[[ Data records, beginning ]]

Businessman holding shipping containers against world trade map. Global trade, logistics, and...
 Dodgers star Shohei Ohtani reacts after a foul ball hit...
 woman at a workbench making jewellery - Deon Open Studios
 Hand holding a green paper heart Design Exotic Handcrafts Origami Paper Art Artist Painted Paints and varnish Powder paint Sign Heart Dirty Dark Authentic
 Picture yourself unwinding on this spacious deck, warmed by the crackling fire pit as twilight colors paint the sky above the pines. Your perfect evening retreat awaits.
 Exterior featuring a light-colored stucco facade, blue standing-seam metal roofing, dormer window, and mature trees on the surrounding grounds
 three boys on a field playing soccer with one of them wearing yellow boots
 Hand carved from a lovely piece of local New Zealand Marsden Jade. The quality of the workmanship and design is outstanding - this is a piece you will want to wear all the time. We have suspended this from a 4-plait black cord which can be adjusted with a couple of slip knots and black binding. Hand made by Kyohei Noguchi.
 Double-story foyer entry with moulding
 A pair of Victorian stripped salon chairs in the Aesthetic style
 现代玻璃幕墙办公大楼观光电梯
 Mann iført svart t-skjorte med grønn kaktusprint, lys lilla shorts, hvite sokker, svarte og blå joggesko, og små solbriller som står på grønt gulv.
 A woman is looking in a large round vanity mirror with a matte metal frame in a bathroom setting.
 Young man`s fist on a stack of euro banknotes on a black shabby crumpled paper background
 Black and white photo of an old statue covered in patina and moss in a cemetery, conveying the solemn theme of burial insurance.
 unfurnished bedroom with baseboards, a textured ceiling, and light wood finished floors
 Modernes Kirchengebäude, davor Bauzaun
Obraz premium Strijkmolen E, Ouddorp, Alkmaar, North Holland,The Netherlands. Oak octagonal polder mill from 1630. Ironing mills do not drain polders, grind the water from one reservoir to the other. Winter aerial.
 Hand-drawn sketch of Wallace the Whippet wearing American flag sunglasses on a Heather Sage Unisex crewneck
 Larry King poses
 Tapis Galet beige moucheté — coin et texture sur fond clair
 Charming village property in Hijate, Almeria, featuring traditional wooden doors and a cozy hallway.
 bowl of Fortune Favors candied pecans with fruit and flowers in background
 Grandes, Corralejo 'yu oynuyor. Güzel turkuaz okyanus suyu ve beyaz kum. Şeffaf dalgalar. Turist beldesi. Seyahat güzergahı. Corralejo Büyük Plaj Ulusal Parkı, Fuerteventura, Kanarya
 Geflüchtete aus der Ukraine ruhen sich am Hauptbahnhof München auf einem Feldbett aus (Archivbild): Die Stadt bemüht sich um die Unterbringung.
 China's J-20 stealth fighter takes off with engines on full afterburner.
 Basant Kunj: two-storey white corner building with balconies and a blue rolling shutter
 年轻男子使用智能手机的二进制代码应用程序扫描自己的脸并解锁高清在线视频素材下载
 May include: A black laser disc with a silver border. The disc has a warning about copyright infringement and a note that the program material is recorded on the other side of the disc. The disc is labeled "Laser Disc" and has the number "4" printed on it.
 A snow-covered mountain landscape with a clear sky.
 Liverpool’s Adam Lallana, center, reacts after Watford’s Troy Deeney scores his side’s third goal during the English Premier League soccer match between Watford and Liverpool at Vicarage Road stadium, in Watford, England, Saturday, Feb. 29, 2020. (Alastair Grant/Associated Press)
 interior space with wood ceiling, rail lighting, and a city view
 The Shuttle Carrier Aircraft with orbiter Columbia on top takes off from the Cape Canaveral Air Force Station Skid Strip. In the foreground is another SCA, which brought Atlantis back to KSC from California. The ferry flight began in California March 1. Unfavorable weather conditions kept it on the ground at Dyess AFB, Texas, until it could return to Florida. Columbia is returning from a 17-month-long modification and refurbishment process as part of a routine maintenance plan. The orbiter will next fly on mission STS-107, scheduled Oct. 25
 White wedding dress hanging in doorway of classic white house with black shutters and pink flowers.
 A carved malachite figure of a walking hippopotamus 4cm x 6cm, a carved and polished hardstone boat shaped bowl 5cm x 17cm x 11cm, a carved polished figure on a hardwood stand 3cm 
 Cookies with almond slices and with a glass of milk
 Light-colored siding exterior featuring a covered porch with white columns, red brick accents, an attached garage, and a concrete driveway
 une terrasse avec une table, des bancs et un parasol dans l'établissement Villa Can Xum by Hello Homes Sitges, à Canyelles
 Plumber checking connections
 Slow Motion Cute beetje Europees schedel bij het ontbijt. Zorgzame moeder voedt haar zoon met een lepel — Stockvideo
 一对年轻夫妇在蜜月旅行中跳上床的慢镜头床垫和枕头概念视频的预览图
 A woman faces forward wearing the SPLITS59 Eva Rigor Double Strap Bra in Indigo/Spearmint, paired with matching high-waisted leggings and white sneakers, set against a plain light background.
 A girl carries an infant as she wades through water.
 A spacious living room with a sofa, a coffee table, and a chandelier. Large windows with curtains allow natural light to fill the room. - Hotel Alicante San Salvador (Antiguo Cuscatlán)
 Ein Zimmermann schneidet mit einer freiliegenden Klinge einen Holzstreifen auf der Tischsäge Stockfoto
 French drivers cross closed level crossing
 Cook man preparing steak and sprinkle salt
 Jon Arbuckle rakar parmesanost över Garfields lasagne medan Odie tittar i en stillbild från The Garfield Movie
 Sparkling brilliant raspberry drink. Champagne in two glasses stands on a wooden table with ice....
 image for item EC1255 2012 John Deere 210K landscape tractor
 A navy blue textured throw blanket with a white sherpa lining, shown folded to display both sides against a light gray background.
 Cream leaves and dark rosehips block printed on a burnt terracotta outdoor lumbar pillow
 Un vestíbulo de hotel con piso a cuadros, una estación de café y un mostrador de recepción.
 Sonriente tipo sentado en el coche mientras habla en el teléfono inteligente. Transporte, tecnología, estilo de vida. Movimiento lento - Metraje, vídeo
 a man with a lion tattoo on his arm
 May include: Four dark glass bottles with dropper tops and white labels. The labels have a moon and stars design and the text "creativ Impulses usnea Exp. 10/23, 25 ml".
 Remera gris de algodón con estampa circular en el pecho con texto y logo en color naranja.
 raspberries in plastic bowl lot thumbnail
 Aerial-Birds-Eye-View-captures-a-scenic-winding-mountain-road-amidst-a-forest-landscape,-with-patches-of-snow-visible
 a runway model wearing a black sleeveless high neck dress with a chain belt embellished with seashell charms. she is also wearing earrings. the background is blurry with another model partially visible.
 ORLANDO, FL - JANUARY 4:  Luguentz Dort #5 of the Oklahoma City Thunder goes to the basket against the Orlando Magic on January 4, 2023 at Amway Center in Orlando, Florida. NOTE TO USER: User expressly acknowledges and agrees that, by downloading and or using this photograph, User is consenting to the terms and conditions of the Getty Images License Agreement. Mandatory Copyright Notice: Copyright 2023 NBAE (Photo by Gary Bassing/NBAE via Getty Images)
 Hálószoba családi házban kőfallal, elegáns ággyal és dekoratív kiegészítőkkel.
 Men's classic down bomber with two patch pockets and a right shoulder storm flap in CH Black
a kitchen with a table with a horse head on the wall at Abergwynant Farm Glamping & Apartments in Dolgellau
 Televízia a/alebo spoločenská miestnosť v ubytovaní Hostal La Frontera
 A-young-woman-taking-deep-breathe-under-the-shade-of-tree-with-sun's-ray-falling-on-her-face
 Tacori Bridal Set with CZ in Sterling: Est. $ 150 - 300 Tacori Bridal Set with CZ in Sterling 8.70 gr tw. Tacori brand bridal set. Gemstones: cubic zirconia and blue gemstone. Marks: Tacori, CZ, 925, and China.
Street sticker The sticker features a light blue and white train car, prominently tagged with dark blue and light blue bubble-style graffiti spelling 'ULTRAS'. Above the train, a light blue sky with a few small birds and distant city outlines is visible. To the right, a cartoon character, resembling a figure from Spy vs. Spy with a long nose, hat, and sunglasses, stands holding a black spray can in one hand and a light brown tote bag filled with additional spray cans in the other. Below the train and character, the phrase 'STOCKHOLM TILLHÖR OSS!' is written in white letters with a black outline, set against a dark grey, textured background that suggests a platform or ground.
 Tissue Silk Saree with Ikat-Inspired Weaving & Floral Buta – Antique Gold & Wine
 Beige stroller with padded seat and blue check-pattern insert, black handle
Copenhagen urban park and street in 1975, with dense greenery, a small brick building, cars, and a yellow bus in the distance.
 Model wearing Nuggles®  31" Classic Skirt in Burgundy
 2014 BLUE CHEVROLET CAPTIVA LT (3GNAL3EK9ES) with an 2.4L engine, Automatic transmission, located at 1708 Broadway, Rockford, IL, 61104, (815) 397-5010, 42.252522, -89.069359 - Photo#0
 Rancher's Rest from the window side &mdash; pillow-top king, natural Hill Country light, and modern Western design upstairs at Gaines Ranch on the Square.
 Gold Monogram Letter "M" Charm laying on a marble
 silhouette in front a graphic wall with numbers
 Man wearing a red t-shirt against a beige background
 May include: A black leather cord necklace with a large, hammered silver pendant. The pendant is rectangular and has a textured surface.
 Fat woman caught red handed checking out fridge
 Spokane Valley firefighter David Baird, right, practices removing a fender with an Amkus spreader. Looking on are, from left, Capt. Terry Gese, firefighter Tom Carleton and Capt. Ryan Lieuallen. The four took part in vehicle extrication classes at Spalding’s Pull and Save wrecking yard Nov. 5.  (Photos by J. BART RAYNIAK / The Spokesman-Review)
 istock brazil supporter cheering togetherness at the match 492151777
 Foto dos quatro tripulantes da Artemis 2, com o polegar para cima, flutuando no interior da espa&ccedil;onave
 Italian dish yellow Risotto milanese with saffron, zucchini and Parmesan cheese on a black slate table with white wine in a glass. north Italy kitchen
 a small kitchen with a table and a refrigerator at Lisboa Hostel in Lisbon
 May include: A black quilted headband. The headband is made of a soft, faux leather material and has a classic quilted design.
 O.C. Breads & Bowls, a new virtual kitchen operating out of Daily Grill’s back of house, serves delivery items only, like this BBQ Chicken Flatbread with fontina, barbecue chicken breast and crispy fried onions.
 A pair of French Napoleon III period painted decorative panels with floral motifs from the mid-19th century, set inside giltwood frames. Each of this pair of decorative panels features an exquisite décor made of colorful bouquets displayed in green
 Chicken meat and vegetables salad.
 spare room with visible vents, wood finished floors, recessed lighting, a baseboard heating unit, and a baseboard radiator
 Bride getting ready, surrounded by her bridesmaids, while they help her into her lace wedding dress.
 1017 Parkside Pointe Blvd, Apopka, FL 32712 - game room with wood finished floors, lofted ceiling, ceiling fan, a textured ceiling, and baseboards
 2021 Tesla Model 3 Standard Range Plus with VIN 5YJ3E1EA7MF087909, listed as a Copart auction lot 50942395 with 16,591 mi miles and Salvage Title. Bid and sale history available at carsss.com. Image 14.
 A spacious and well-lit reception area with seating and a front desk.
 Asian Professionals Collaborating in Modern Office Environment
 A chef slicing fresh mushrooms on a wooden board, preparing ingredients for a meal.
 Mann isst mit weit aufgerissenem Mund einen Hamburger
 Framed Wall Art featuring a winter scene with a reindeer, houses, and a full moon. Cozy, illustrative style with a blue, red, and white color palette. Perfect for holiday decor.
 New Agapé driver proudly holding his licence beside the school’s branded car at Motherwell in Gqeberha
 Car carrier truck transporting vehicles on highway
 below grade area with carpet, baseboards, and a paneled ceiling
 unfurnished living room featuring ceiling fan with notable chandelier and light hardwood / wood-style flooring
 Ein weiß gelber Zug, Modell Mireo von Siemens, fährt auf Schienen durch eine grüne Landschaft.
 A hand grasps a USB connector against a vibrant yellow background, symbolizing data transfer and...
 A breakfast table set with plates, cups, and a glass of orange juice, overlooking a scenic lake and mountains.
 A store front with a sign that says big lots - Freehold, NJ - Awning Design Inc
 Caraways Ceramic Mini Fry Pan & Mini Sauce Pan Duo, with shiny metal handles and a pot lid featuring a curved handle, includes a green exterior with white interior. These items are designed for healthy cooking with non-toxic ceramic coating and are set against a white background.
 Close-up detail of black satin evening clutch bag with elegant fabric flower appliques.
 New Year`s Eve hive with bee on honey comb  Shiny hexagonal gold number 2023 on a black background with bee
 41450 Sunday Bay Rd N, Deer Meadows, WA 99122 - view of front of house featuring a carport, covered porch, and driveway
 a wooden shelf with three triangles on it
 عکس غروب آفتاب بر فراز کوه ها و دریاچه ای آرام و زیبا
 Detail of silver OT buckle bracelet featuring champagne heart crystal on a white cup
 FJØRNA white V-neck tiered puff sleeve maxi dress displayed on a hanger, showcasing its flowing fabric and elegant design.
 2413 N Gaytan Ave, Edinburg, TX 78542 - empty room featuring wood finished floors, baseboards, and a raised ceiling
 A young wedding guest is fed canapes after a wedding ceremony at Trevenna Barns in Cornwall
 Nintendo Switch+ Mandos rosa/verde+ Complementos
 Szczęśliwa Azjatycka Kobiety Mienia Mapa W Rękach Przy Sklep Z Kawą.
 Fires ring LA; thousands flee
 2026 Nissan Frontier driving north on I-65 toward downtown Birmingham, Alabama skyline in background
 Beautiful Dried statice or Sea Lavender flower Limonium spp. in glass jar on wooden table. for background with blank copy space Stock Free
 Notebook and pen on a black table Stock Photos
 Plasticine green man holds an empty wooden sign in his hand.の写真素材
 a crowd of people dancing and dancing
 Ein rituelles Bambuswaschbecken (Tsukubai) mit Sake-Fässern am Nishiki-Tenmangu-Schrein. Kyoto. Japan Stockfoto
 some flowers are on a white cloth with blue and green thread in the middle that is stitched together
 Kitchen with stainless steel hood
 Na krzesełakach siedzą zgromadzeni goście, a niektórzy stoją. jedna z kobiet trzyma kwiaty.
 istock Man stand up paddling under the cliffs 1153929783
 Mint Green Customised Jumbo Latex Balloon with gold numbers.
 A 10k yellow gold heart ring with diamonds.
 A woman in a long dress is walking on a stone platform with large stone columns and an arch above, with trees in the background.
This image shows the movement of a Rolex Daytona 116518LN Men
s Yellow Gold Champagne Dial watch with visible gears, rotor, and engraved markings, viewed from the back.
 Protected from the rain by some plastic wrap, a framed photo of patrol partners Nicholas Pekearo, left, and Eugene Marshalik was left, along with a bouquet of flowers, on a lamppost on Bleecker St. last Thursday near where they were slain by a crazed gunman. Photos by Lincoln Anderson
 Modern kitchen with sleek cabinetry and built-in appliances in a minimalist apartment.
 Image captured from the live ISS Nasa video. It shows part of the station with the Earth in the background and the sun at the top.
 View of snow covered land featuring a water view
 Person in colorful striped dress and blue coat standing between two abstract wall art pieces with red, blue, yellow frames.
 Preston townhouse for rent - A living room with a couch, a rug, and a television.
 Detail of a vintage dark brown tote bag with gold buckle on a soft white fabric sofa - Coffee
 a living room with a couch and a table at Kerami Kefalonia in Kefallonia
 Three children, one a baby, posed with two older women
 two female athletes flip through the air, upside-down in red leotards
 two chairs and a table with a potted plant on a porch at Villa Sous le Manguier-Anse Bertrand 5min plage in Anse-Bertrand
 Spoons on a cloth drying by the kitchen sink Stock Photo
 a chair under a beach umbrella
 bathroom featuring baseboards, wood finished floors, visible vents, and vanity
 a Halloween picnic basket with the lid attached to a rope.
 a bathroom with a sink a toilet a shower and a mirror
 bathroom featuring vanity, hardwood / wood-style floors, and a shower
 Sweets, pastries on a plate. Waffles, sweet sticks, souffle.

[[ Data records, end ]]

Task goal
In the entries above, find the line holding "Italian dish yellow" and the line holding "May include: A black quilted", then retype exactly those two lines and every line between them, and nothing else.

Solved exercise
 Italian dish yellow Risotto milanese with saffron, zucchini and Parmesan cheese on a black slate table with white wine in a glass. north Italy kitchen
 a small kitchen with a table and a refrigerator at Lisboa Hostel in Lisbon
 May include: A black quilted headband. The headband is made of a soft, faux leather material and has a classic quilted design.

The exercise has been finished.